Dodgers Attempt to Distract From Slump By Reportedly Signing Cuban Yasiel Puig To Record Deal

Update, 8:23pm PST: Jon Heyman says the deal is $42m over 7 years and that the deal “wasn’t even Puig’s highest offer”. Danny Knobler says “you see him on the right day, he could be Vladimir Guerrero“, but also that “the Dodgers never saw him play in an actual game.”

Original post:


According to an industry source, the Dodgers have agreed to a multiyear deal worth more than $40 million with 21-year-old international prospect Yasiel Puig, a 6-foot-3, 210-pound outfielder from Cuba.

A top prospect in the island’s premier league, the Cuban National Series (Serie Nacional), Puig hit .276 with five home runs during his first campaign with Cienfuegos in 2008-09 and had a breakout year the next season, hitting .330 with 17 home runs and 78 RBIs. He did not play for Cienfuegos during the 2011-12 seasons because he was being disciplined for attempting to defect.
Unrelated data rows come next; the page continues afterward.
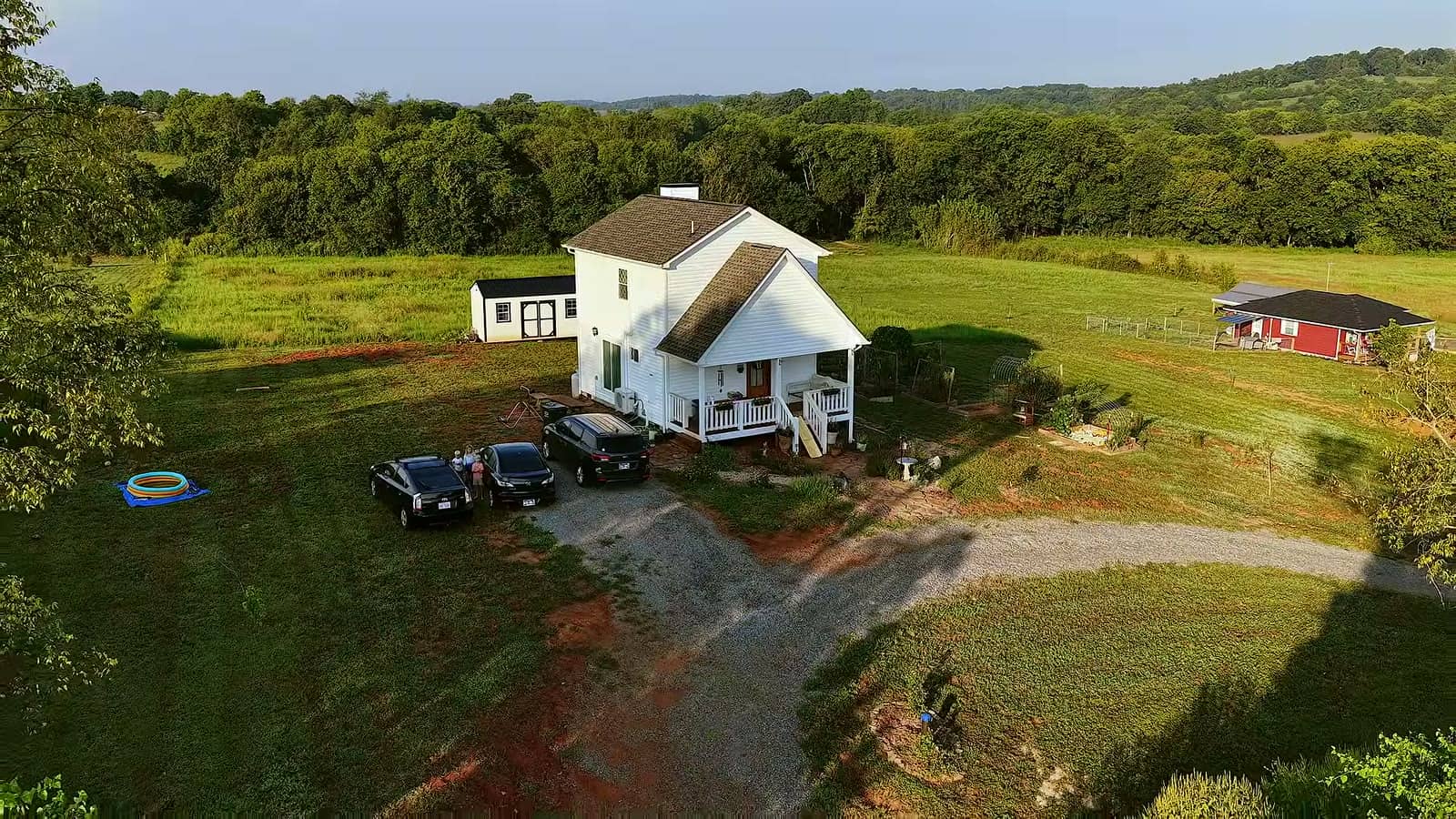 Aerial view of a white two-story tiny farmhouse with front porch, gravel driveway, parked cars, and a small outbuilding in green Tennessee fields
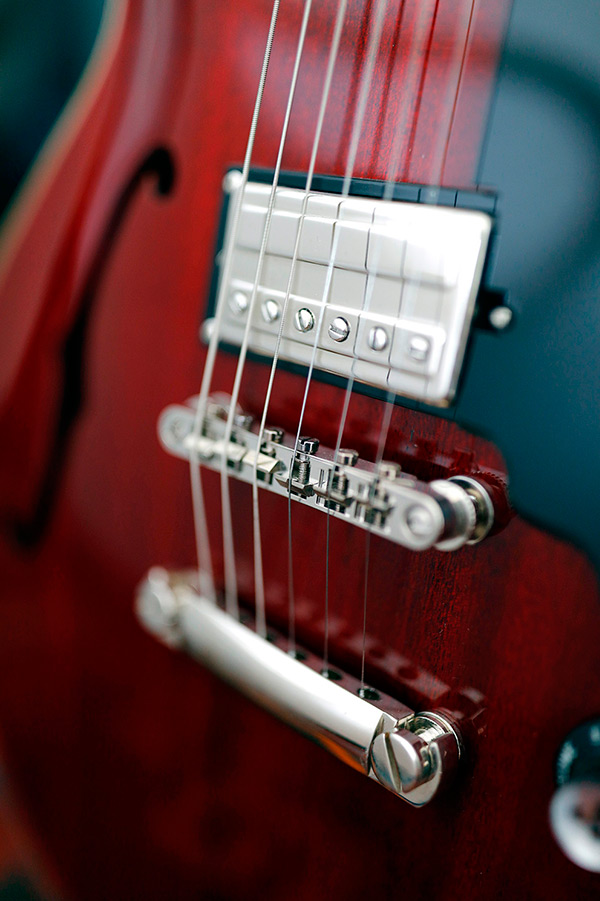 Thumbnail view of Starfire I DC Cherry red guitar close up of pickup and bridge
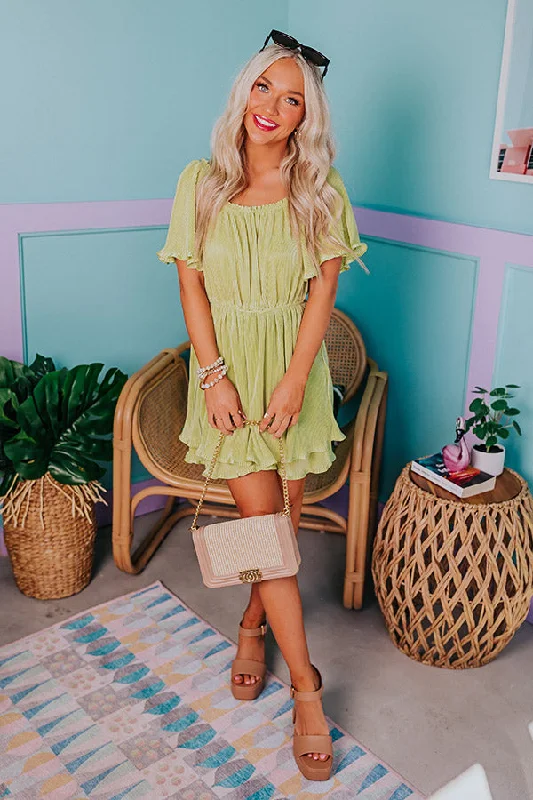 Flight Plans Pleated Dress In Lime Punch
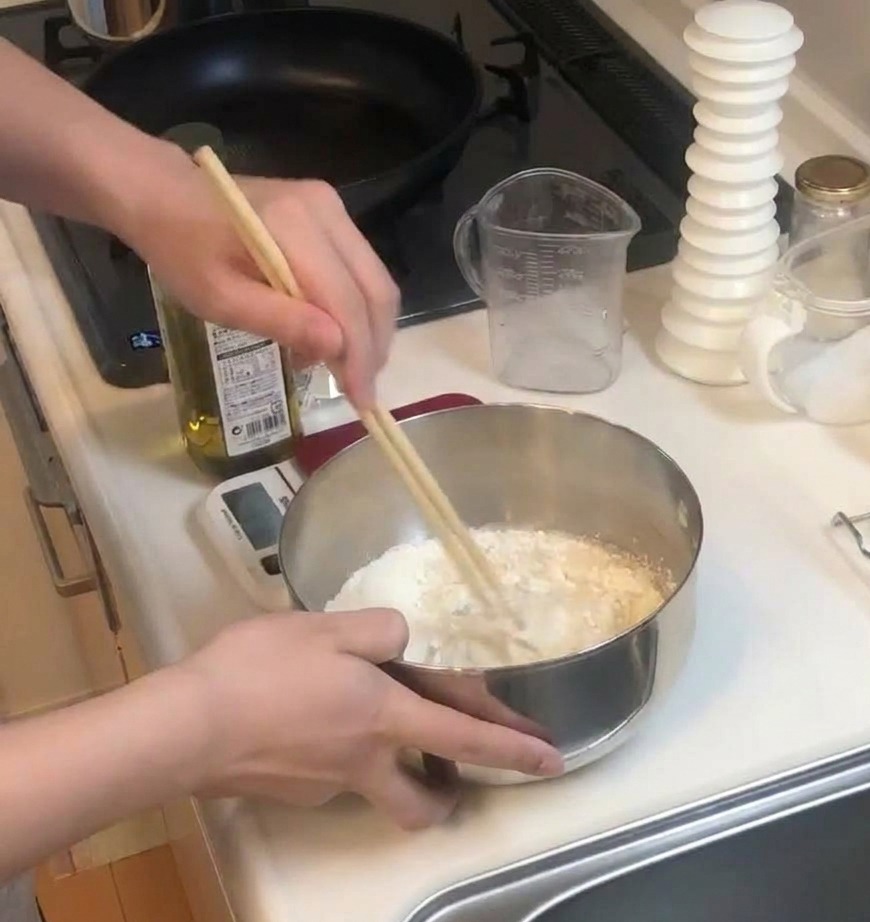 Une personne utilisant des baguettes en bois pour mélanger la farine et les liquides dans un bol en inox.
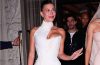 Hailey Bieber wears a sheer creamy nude manicure with a glossy finish in the sweet cream nail trend.
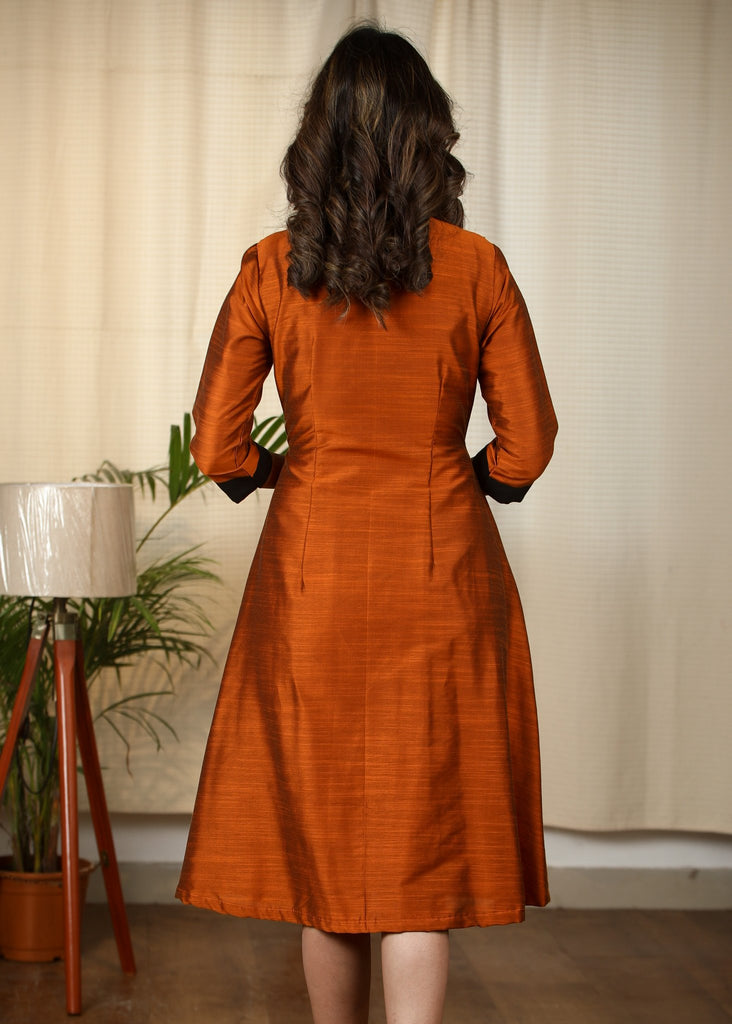 Exclusive Rust cotton silk dress with intricate hand embroidered motif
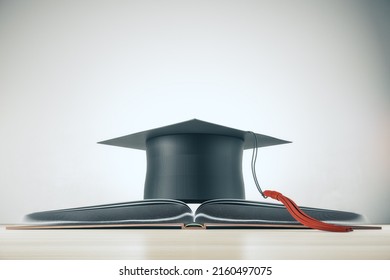 Higher Education And Study Concept With Black Mortarboard Hat On Opened Book On Light Background. 3D Rendering
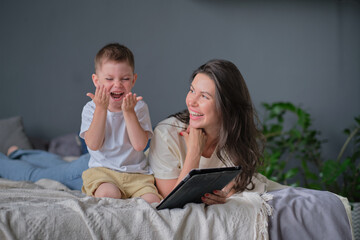 mother and son with tablet at home. Mother showing media content on line to her son in a tablet in the living room in a house interior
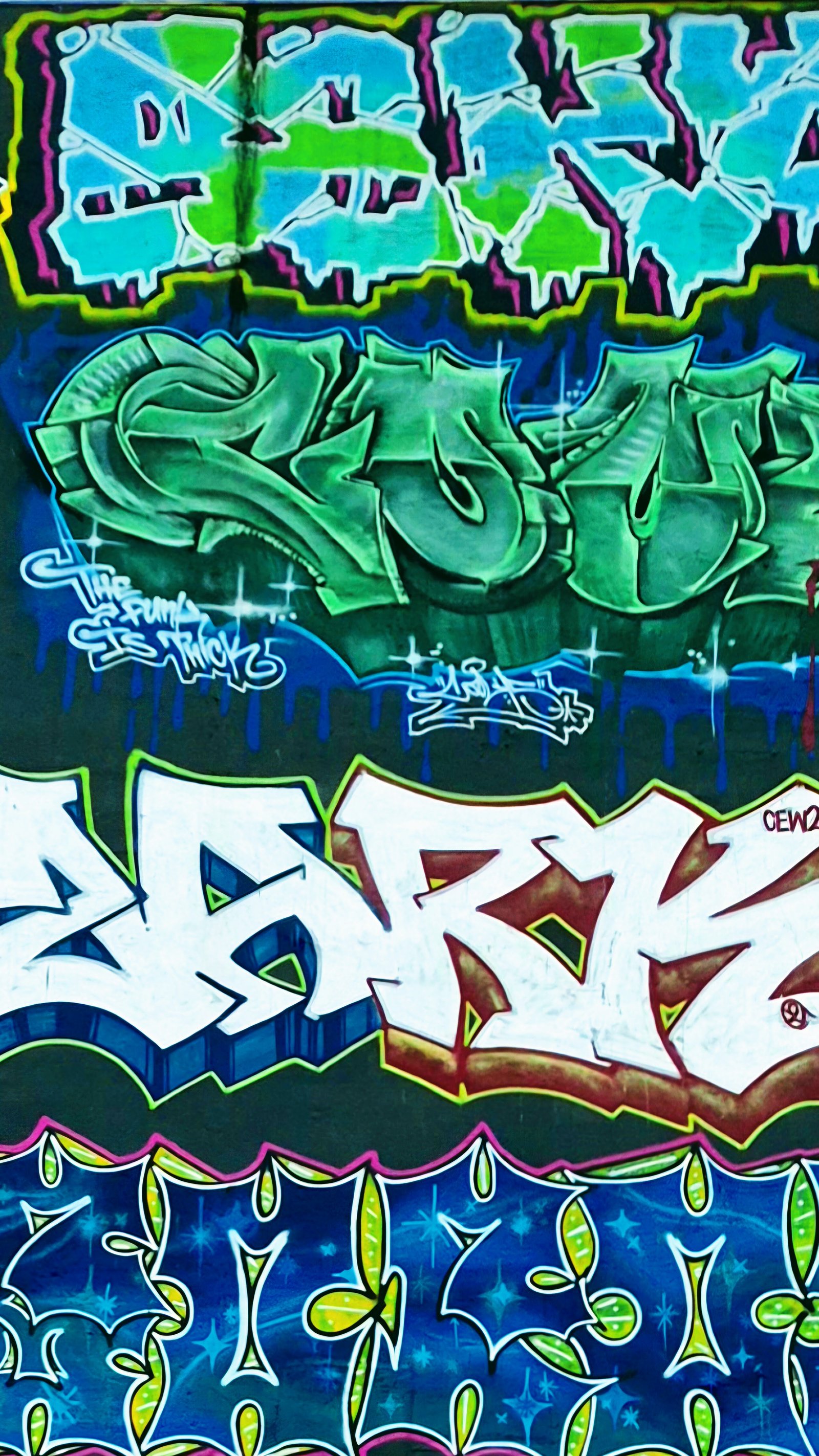 Green-toned graffiti pieces stacked on a dark wall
The Dodgers haven’t confirmed yet, but if it goes through before Monday (when the new international budgetary rules take effect) it will be the largest signing of a Cuban player ever.

This leads to the obvious question: who the hell is Yasiel Puig? I’ve heard the name before but know little about him, and I’m guessing you don’t either. Fortunately, there’s a few scouting reports floating around…

JP Breen, FanGraphs, June 27, 2012:

Now, statistics from the Cuban Serie Nacional should obviously be taken with a grain of salt. The level of competition is perhaps not even comparable to what Puig would potentially see in Triple-A, but legitimate similarities exist between the numbers Yoenis Cespedes compiled in 2010-2011 and what Puig racked up in the same year.

Yasiel Puig 19 6 17 .330 .430 .581 49 39
Yoenis Cespedes 17 1 33 .333 .424 .667 49 40

The obvious difference is the significantly higher home run total from Cespedes. It’s that level of power that has allowed Cespedes to transition directly to the major leagues and post a .222 ISO as a 26-year-old without any experience in the United States.

The remainder of the numbers — the on-base percentage, strikeout-to-walk ratio, etc. — are comparable. Even the doubles are comparable. Puig reportedly has above-average speed and was once considered the “fastest player in Cuban baseball” before defecting, so it’s not overly surprising that Puig would collect more triples than Cespedes.

Puig, of course, is five years younger than Cespedes. On the other hand, Ben Badler of Baseball America is far less enthusiastic, saying that the scouting reports on Puig have been “extremely underwhelming”, and going so far as to tweet that Puig “would not be a top-10 guy in a normal system.”

For those who haven’t seem him, here’s an undated highlight reel on YouTube…

(How sweet/lame/sweet are those green pants? It’s like when the Hartford Whalers tried to wear Cooperalls back in the day.)

So what we have here is a 21-year-old from a closed country who has barely played in about two years and whom none of us had ever even heard of a week ago. That being the case, any attempt to judge this signing seems foolish; we just don’t have the information to do so properly. I’ll admit that part of me wonders why he’s getting more than Cespedes or Jorge Soler when the brief information I can find on him doesn’t seem to indicate he’s clearly as good as they’re expected to be. To commit a record-setting price to a player that someone as respected as Badler is so down on, well, it’s definitely jarring.

On the other hand, the Dodger spending record in international scouting recently has been beyond shameful for a one-proud organization, and the sheer shock of seeing them actually come up with a big ticket international prospect is mindblowing considering that it was barely a year ago that we were playing the bi-weekly game of “will Frank McCourt default on payroll?” (And no, everyone who keeps making the same joke, he’s not going to be in the lineup tonight. Considering his age and his missed playing time, he’s probably two years away at a minimum.)

My gut feeling is that it’s probably too much money. But it’s also just money, something the new regime seems to have endless reserves of. For now, for the statement this makes alone, I’m cautiously pleased.